= Misalignment mechanism =

Hypothesized effect in quantum mechanics

It is a well known fact that a quarter of the energy density of the universe is in the form of dark matter (DM). One can corroborate the presence of DM by alluding to the observational data such as anisotropies in Cosmic Microwave Background (CMB) radiation and the formation of Large scale structure in the universe. There are various schools of thought with differing positions on the nature of DM, but they mostly converge on the fact that the mass of DM lies within the range of $10^{-24}~\text{eV}$ to $10^{19}~\text{GeV}$.
Such light-weight, spinless DM, with no or little self-interaction between themselves
is described by the classical scalar field. The axion is an example of field-like DM.
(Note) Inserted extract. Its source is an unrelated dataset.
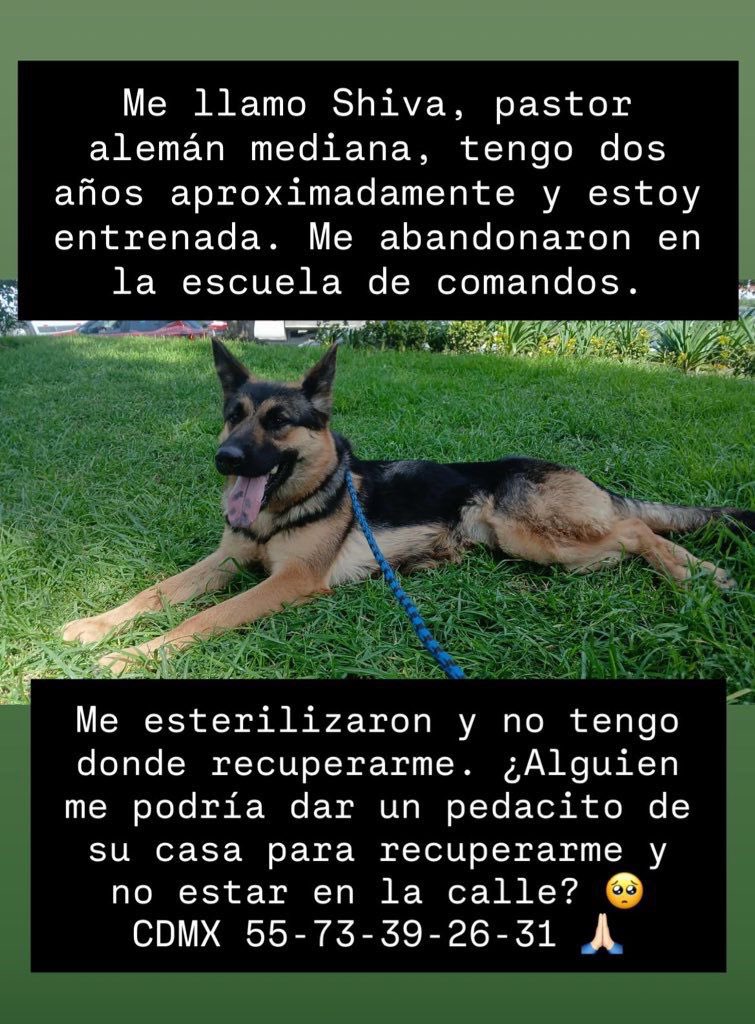 Esta perrita necesita resguardo temporal urgente para recuperarse de su esterilización. No hay quién la reciba. Es pastor alemán, está entrenada.

También busca hogar definitivo.

Contacto 5573392631.

Me ayudan a difundirla? 🙏🏻

23/9/2025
The interaction of axions with the other particles is assumed to be too weak for axions to reach thermal equilibrium with the rest of the early universe plasma, implying that they were produced non-thermally. The production mechanism of such particles is the vacuum misalignment mechanism which is a hypothesized effect in the Peccei–Quinn theory proposed solution to the strong-CP problem in quantum mechanics. The effect occurs when a particle's field has an initial value that is not at or near a potential minimum. This causes the particle's field to oscillate around the nearest minimum, eventually dissipating energy by decaying into other particles until the minimum is attained.
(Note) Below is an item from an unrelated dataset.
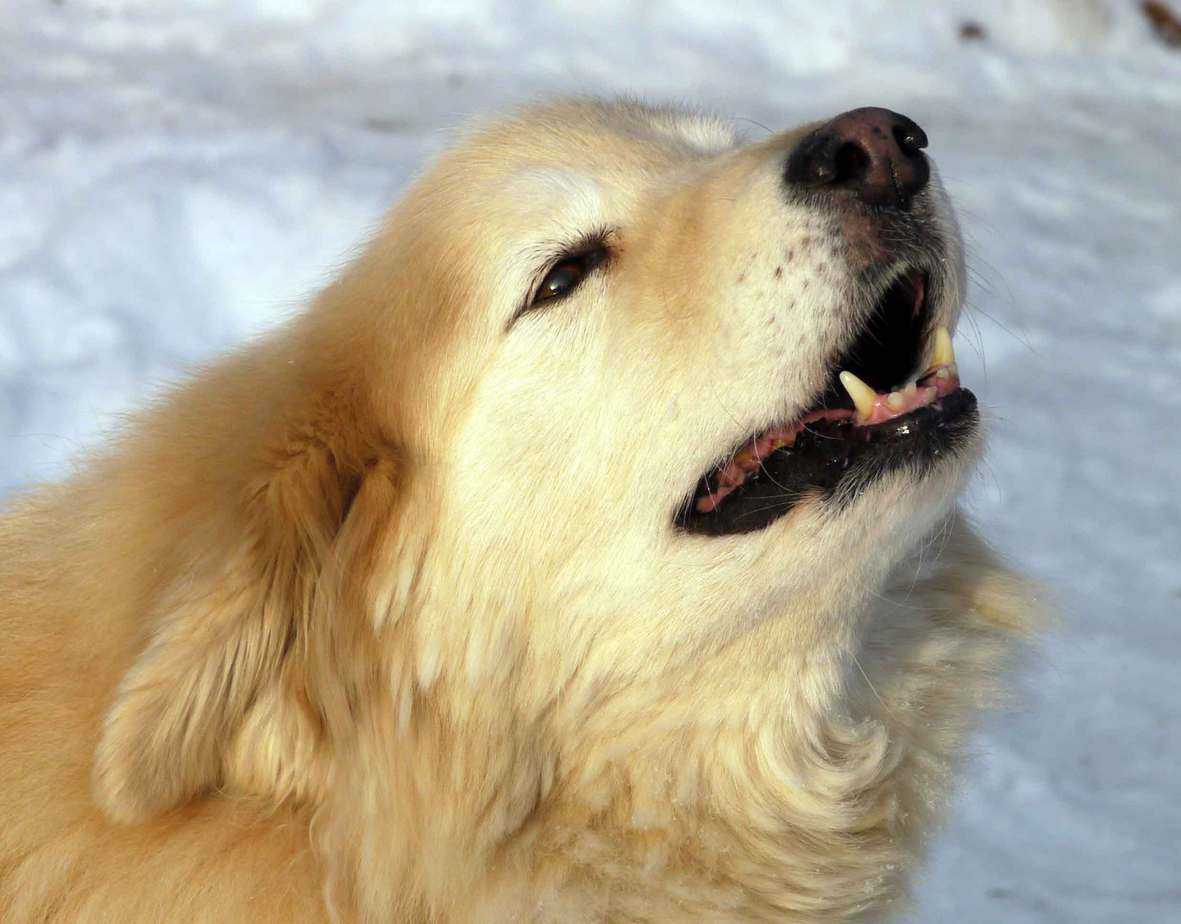 bellender Hund im Schnee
In the case of hypothesized axions created in the early universe, the initial values are random because of the masslessness of axions in the high temperature plasma. Near the critical temperature of quantum chromodynamics, axions possess a temperature-dependent mass that enters a damped oscillation until the potential minimum is reached.

	There are other production mechanism for cold DM axions, but it is least model dependent provided that the Hubble parameter is much greater than the axion mass $(H(t)= m(t))$ well before matter - radiation equality. The expansion of the universe acts as a friction term, freezing the axion amplitude at a constant value $\phi_i$.
	The action in the minimally coupled scalar field theory is given by

$S = \int d^4x \sqrt{-g} (\frac{1}{2} g^{{\mu}{\nu}}\partial_{\mu} \phi \partial_{\nu}\phi g -V(\phi))$

where $g$ is the determinant of FLRW metric $g^{\mu \nu}$. The dynamics of these particles are a Klein-Gordon equation in a homogeneous and isotropic space-time, of which scale factor a(t) evolves as determined by the Hubble parameter $H(t) = \dot a/a$. Near the minimum of its potential, where $V(\phi) = \frac{1}{2}m^2 \phi^2$, of which then behaves cosmologically as a damped harmonic oscillator:

$\ddot \phi + 3H\dot \phi + m^2 \phi = 0$

Due to the expansion of the universe,$H(t)$ dropped below $m(t)$, the damping becomes undercritical and the field can roll down and start oscillating near the bottom of the potential. In this case, the solution of field equation can be deduced by WKB approximation.

$\phi(t) \cong \phi_1 \frac{a_1(t)}{a(t)}^{3/2} cos \left(\int^t_{t_{1}} m(t) dt + \alpha \right)$

The energy density of these fields dilutes $\phi \propto a^{-3}$ with the scale factor. It can be shown that the axion density provides a fraction a of the critical density given by,
$\Omega_a \sim 0.1 \left(\frac{\phi}{ 10^{17} GeV} \right)^2 \left( \frac{m}{10^{-22} eV} \right)^{1/2}$

The $\phi$ oscillations, which can be interpreted as a set of particles, therefore have the red shifting behavior of (non-relativistic) matter, making this a suitable dark matter candidate.